Ray: Oh yes there is. As Keats said, there are those of us who know “Of noble natures, of the gloomy days/ of all the unhealthy and o’er darkened ways.” That kind of talk – big talk.

Mort: You expect me to talk like a poet?

Ray: I expect you to think beyond the two-bit phrases that get taught to you in law school. I expect you to actually think for yourself, in your own language, using your own phrases, your own buzzwords, your own creations and definitions and voice. I expect you to have a voice. Who are you Mort, without a voice? Relying on another’s? Being seduced by that other’s? Who are you, Mort? Do you even know who you are? Do you even know?

Mort: I know what I want from other people.

Ray: That’s not the same thing.

Mort: I know what I want from the world.

Ray: Do you know what the world is? Do you know what humanity is? What makes us distinct from other animals? What makes you distinct from me?
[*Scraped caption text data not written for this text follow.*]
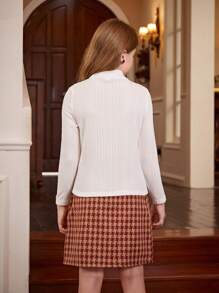 2 piezas Conjunto casual de niña preadolescente con blusa de manga larga con cuello y decoración de corbata de moño a cuadros, y falda mini de pata de gallo, primavera/otoño - Multicolor - Ver 2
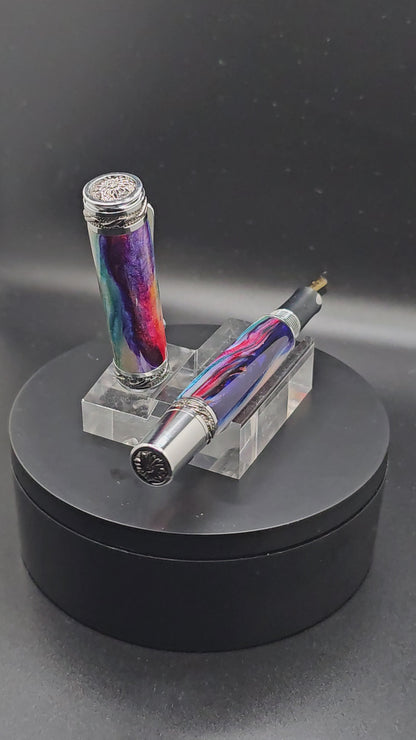 Handmade Majestic Fountian pen With a Hand-poured Resin.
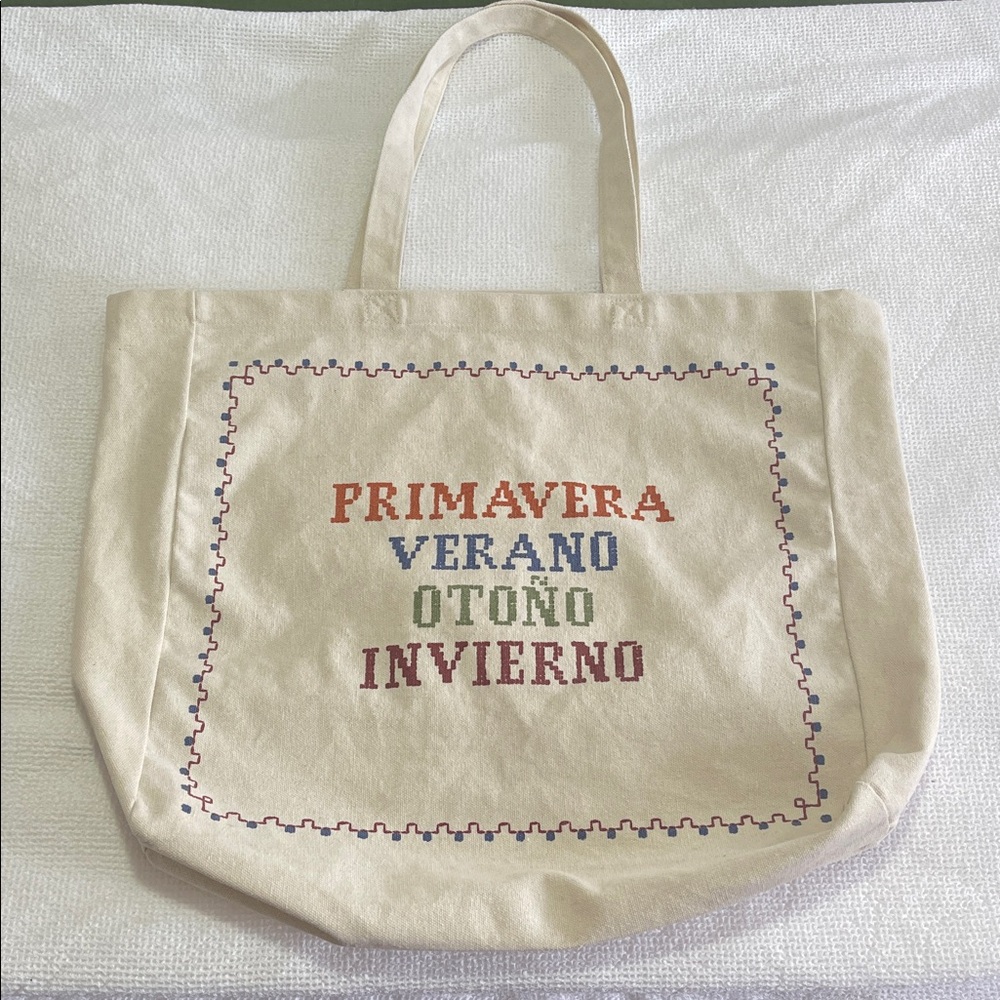 Sezane Cream Canvas Tote with Multicolor Seasonal Embroidery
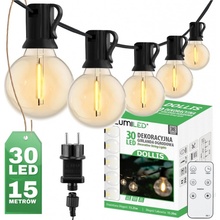 LUMILED LED pohádkové světlo venkovní stmívatelné 15,2M 30x žárovky vnitřní 230V IP44 G45 30 žárovek pohádkové světlo teplá bílá 3000K pro zahradní párty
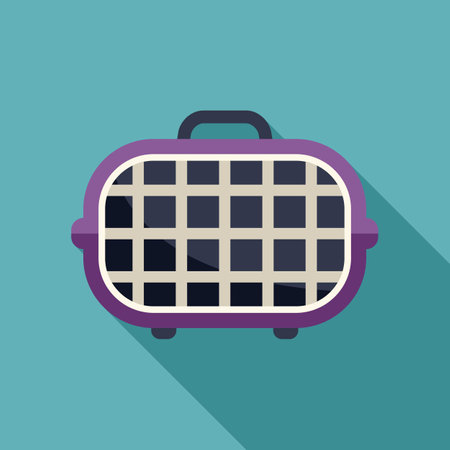 Purple pet carrier with grid for safe and comfortable transporting of cats or small dogsのイラスト素材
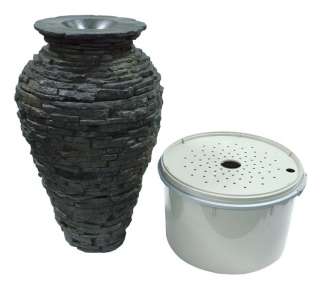 STACKED SLATE URN SMALL DECORATIVE WATER FOUNTAIN KIT  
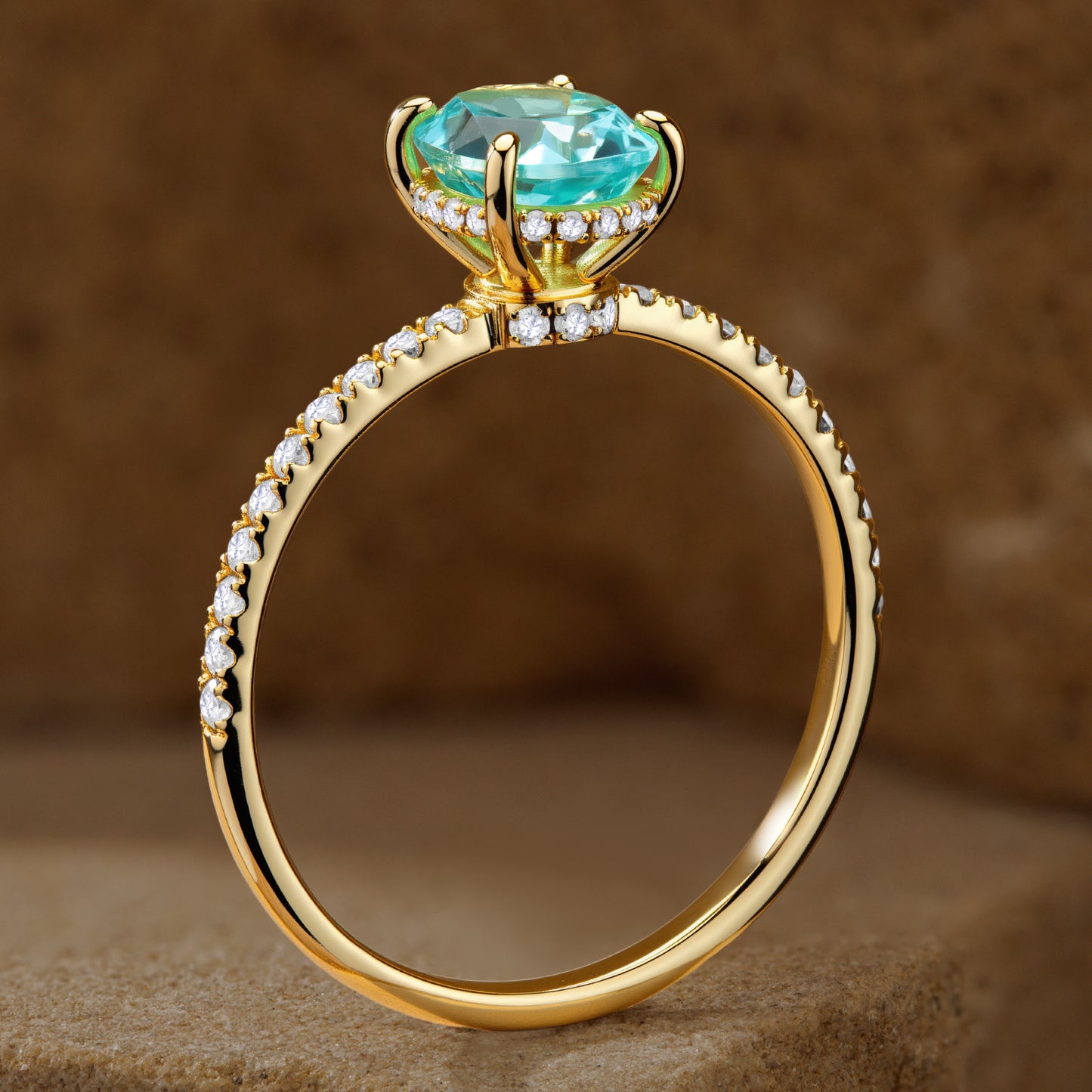 Lab-Grown Oval Brilliant Cut Paraiba - Pave Classic Engagement Ring 14K Yellow Gold Plated (Includes GRC Certification from International Gemological Institute)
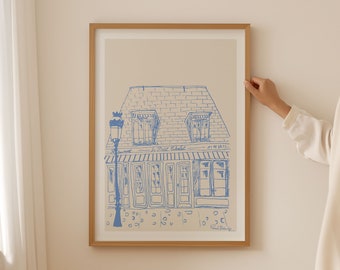 Le Petit Chateau à Paris, France impression d'art, impression giclée d'art d'une illustration originale de croquis, dessin au trait, décoration murale, dessin d'esquisse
Mort: My capacity to make money.

Ray: Our soul Mort, our soul. Most animals can procreate and eat and breathe in the air. Humans; humans are greater than that. We can imagine; create; rationally think and analyse and make believe and make conceive; enjoy sex, seduce each other in long-form ways, for years; entertain. We are so much more than our base instincts – and yet we cap our whole species on a course to greed alone. On a course to office boredom and lifelong depression; suicides at 40 and great big maternity leave celebrations – when no one gives a shit that the baby is even being born, nor should they perhaps, without more to celebrate than what any other animal can do. We are all ignoring our unique human capacities and instead focusing on our basic instincts; the instincts that every animal on earth possesses. What is the role of humanity, as compared to that of the animal?
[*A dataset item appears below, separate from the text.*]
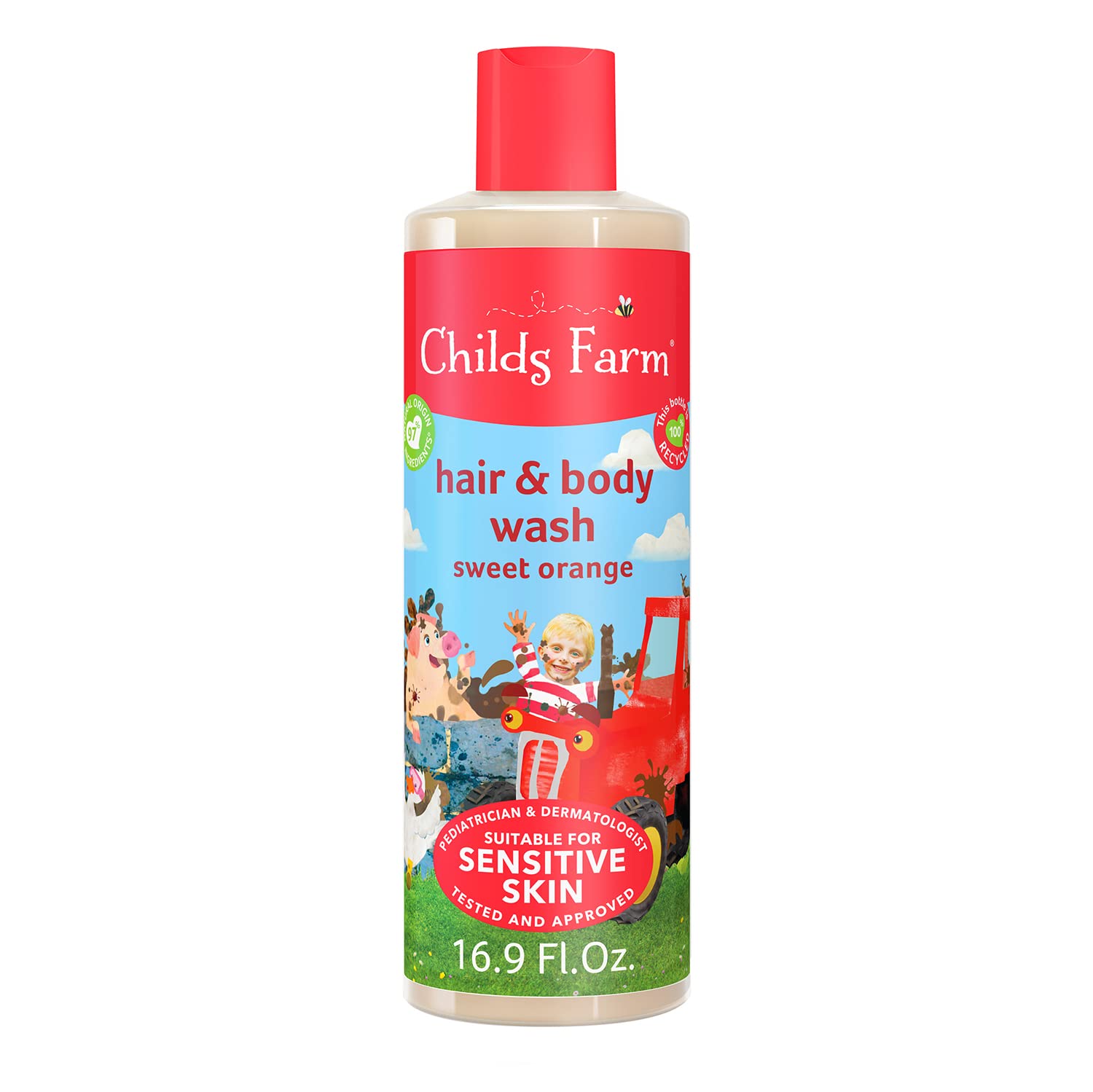 Childs Farm Organic Sweet Orange Kids Hair & Body Wash for Dry & Sensitive Skin - Gentle Cleansing, Vegan & Cruelty-Free, 16.9 fl oz - Perfect for Bath Time & Daily Hygiene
Mort: It’s weird how you keep saying that sex is not some base animalistic instinct, but offspring are. I’m no catholic, but surely sex is just as animalistic as anything else you mentioned? Your plan is to lead this life of hedonism – sex and debauchery. Our basest of instincts, right?

Ray: No Mort. Sex is not animalistic. Humans are among the few unique animal species to gain pleasure out of sex. The vast majority of animals find sex to be a painful, quick and awful experience. We, like dolphins, are among the few species to actually have the capacity to enjoy it. It is almost uniquely human to have a loving, fulfilling and pleasurable relationship. That is something to celebrate. That is something that is uniquely human, not animalistic whatsoever. Animalistic sex is unpleasurable, unsensual and unconsensual – that’s what sex is like in the animal kingdom. Ours is nothing like that, when we do it properly.
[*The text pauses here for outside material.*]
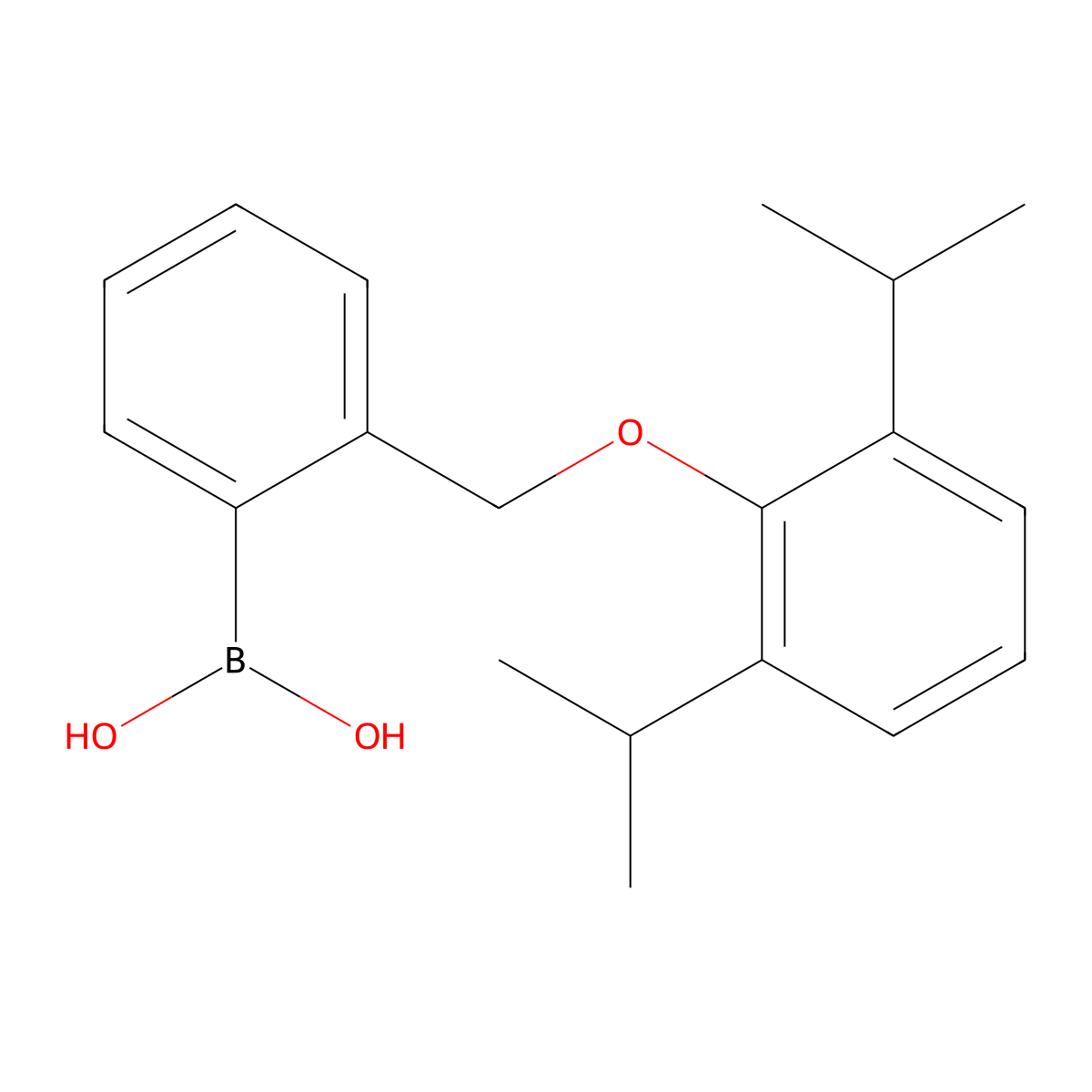 B-[2-[[2,6-Bis(1-methylethyl)phenoxy]methyl]phenyl]boronic acid molecular structure, CAS 1072951-64-4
Mort: Well what if I have a loving, fulfilling and pleasurable relationship with money?

[Ray lets out a large sigh]

Ray: The woods aren’t helping…

Mort: But they’re dark and deep, aren’t they? Dark and deep. This is so pointless, Ray. So utterly pointless. I don’t even get what we’re doing out here. I should just go home.

Ray: No Mort. Not home. Not yet. It is time to climb the mountain.